馬童之に面(そむ)き、王翳に指して曰はく、「此れ項王なり。」と。
項王乃ち曰はく、「吾聞く、漢我が頭を千金・邑万戸に購(あがな)ふ、と。
吾若の為に徳せん。」と。
乃ち自刎(じふん)して死す。
現代語訳
項王は東へ烏江を渡ろうとしました。
烏江の亭長は、船を出す用意をして待っていたのです。
亭長は項王にこう言いました。
「江東は小さくはありますが、地は千里四方、人口は数十万人、王となるには十分の大きさです。大王は急いで渡られてください。
今はわたくし一人だけが船を持っています。漢軍は、ここに至っても、渡ることができません。」
項王は笑ってこう言いました。
「天が私を滅ぼそうとしているのに、どうして渡河しようか、いやしまい。しかも、私は江東の子弟8千人と渡河して西進し、今一人の帰る者もない。
たとえ江東の父兄が私を憐れんで王にしたとしても、私は何の面目があって彼らに会えようか、いや、全く会えないのだ。

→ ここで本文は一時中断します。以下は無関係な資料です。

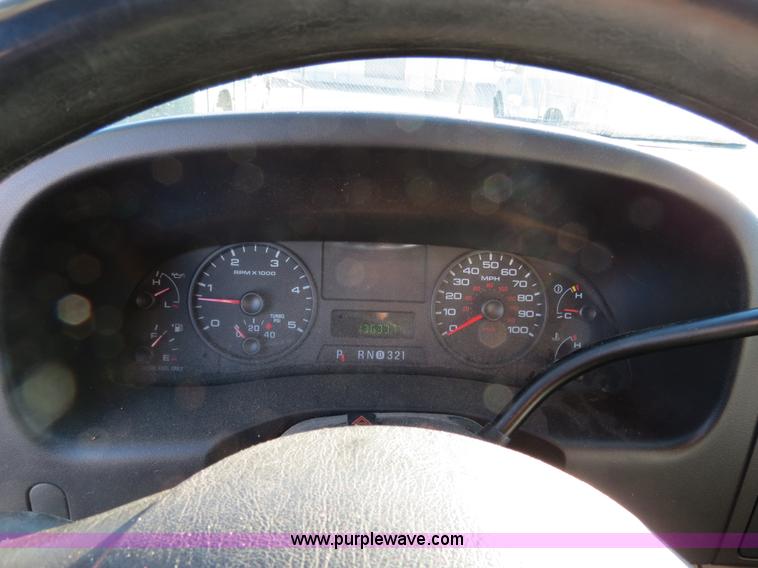 image for item F4360 2005 Ford F450 service truck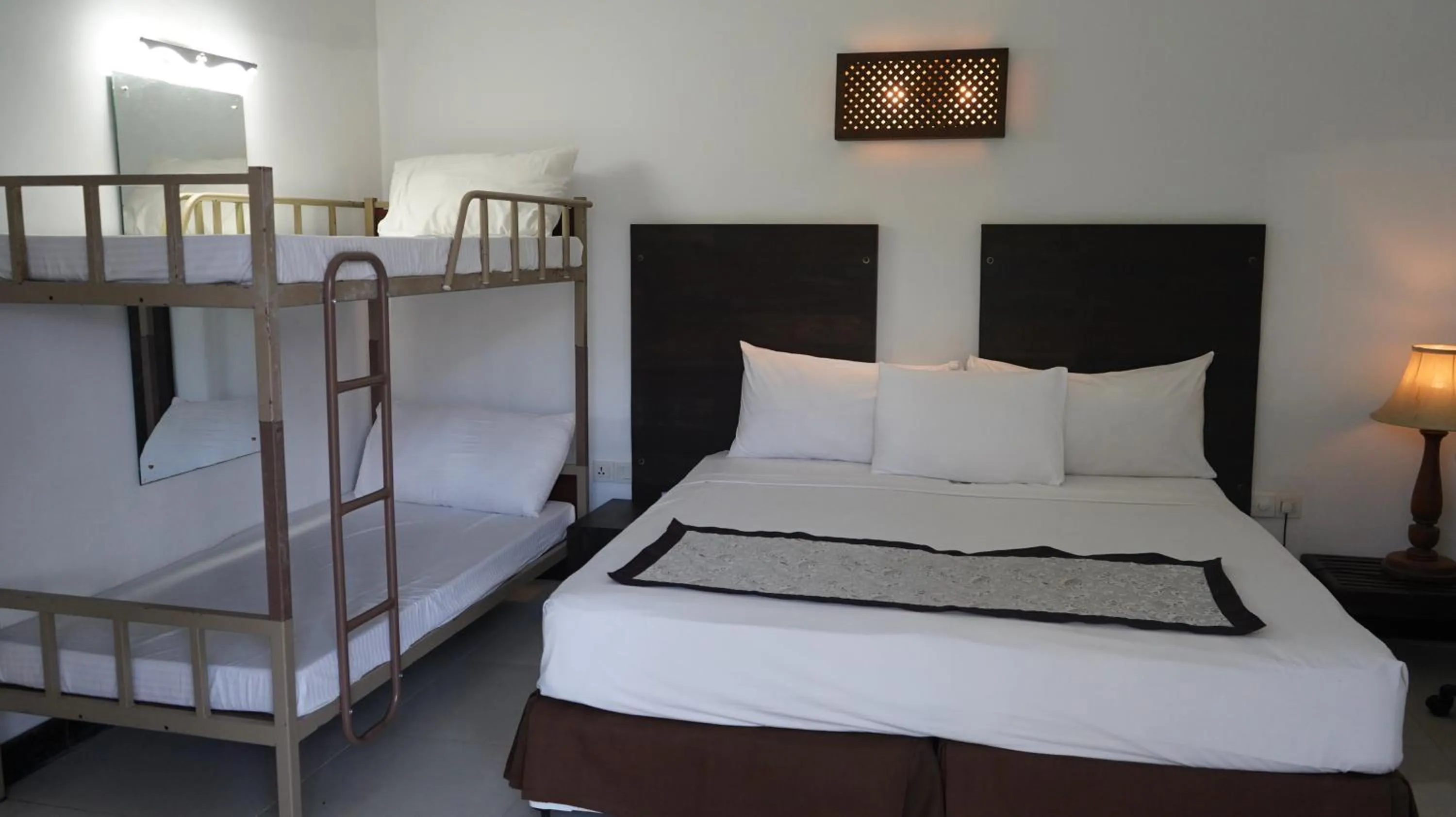 Bedroom, Bed in Amaluna Resorts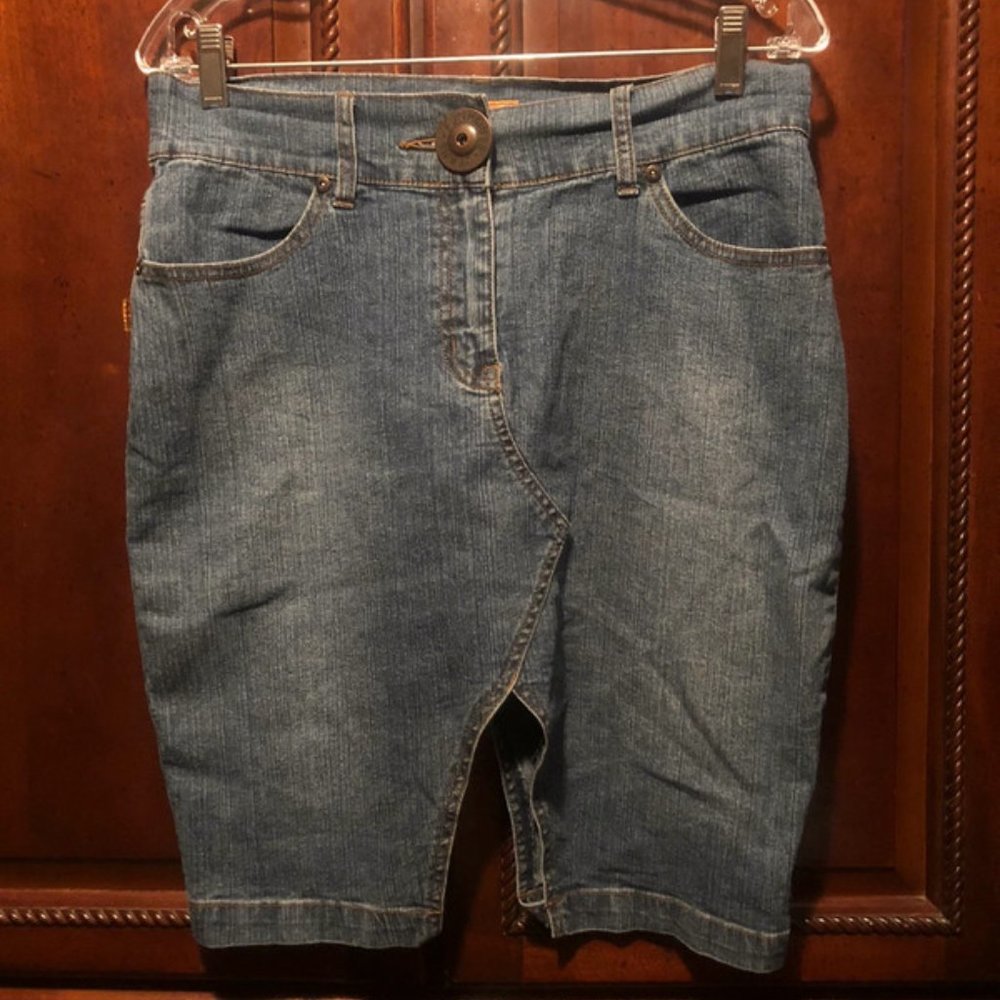 Women skirt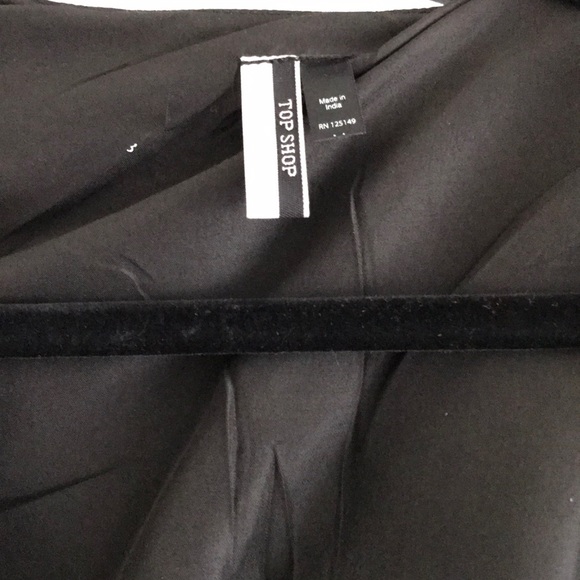 Topshop Black Cropped Jacket - Picture 3 of 3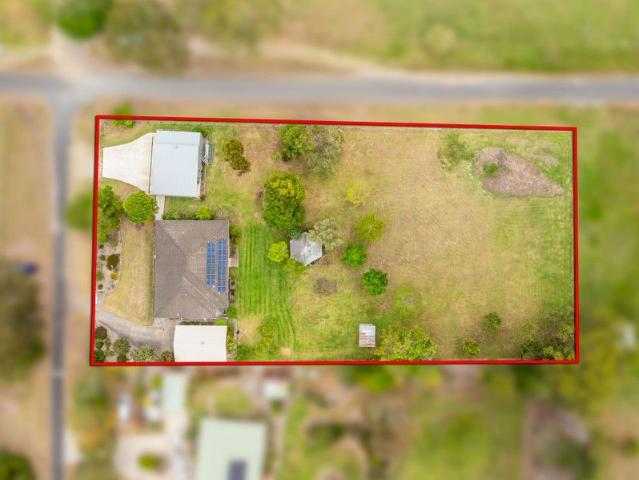 Rural Living on Acreage just 2 minutes from the Heart of Moruya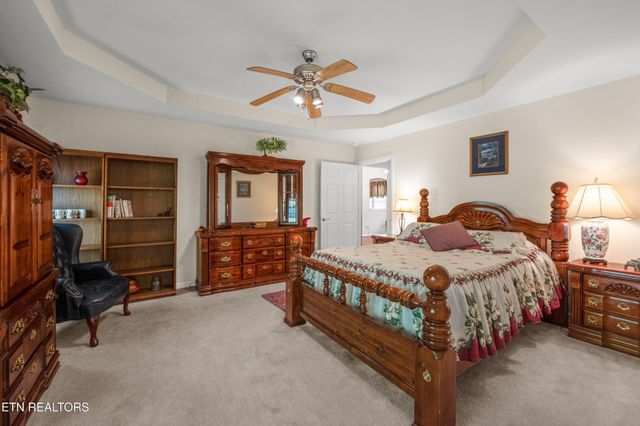 957 Stonecrest Loop, Crossville, TN 38571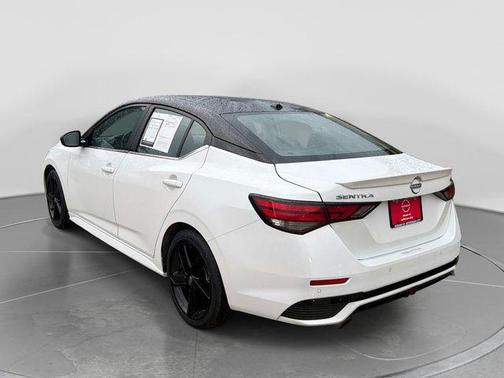 Aspen White Tricoat/Super Black 2024 Nissan Sentra SR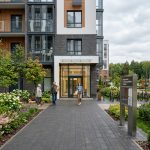 Apartment_building_entrance_with…_202606200924_8.jpeg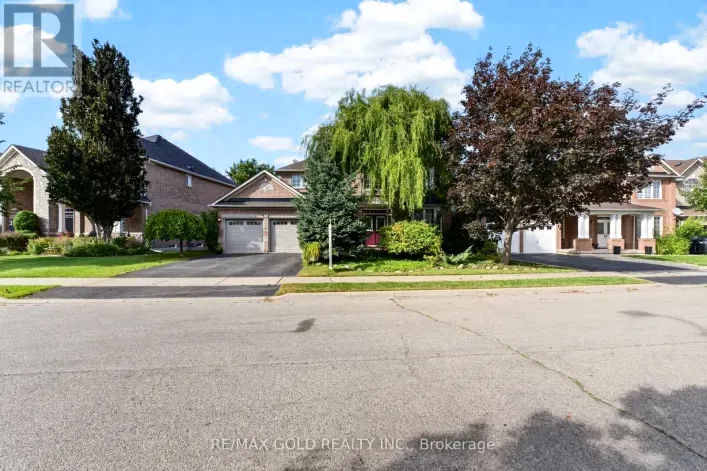 40 MALDIVES CRESCENT, Brampton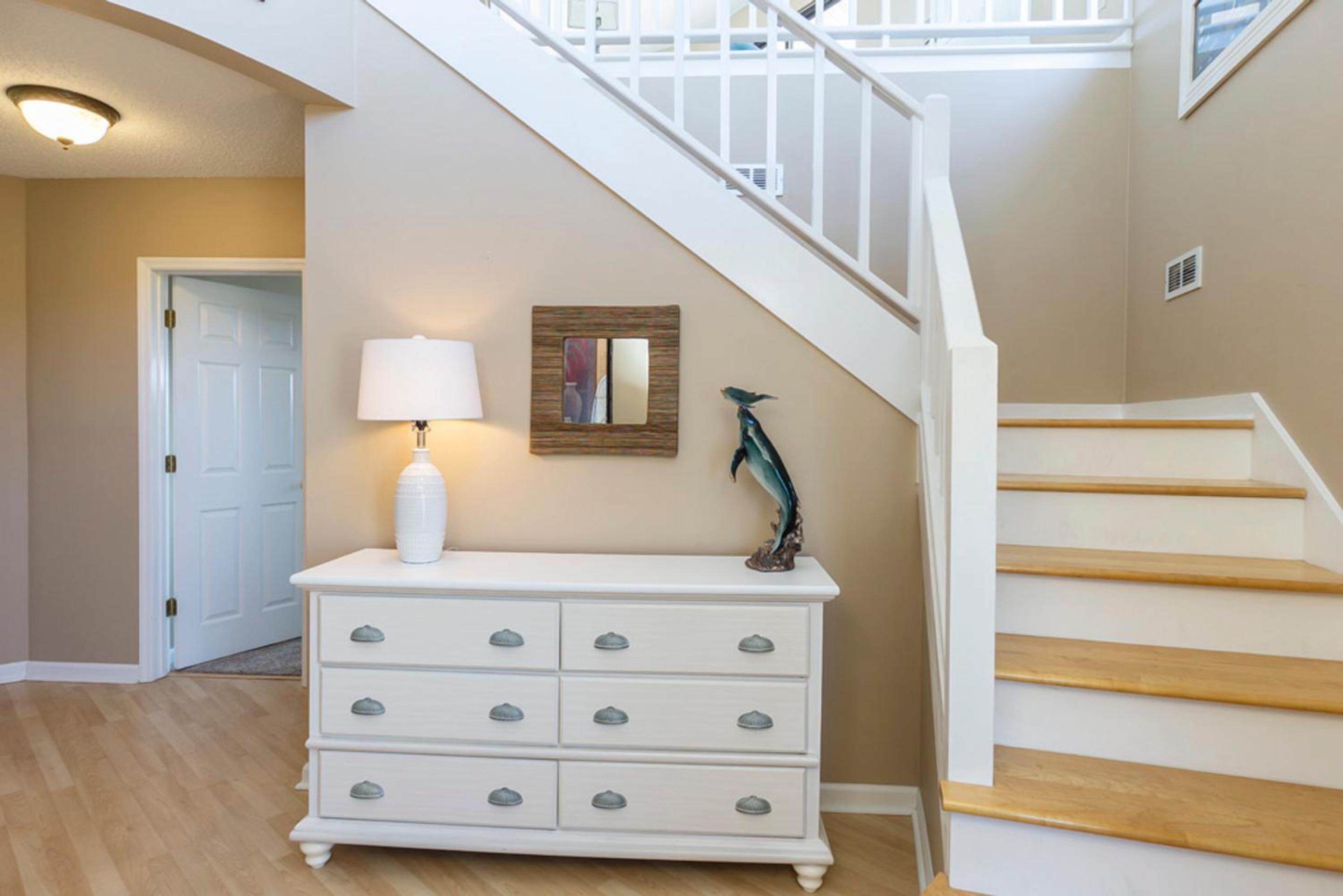 Island Tower by Oak Island Accommodations view 4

たとえ彼らが何も言わなかったとしても、私が心に恥じないことがあろうか。」
そして、亭長にこう言いました。
「私はあなたが高徳の人であることを知っている。私はこの馬に5年間乗ってきたが、当たる所敵無しであった。
かつて、一日に千里走ったこともあった。とても殺すには忍びない。あなたに与えよう。」
そして、配下の騎兵を下馬させ、白兵戦を挑んだのです。
項王は一人で数百人の漢兵を殺しました。
項王も十余創の傷を受けました。
項王が振り返ると、そこには漢の騎司馬、呂馬童がいたのです。
項王は言いました。
「お前は私の旧友ではないか。」
呂馬童は顔を背け、王翳に指し示して言いました。
「項王はここにいるぞ。」
項王は言いました。
「私は聞いている、漢は私の首に千金・一万個の邑を掛けていると。私はお前に恩恵を施してやろう。」
そうして、項王は自ら首をはねて死んだのです。
まるで『平家物語』の合戦シーンを読んでいるような気分に陥りますね。
不思議な感覚に捉われたことを告白しておきます。
今回も最後までお付き合いいただき、ありがとうございました。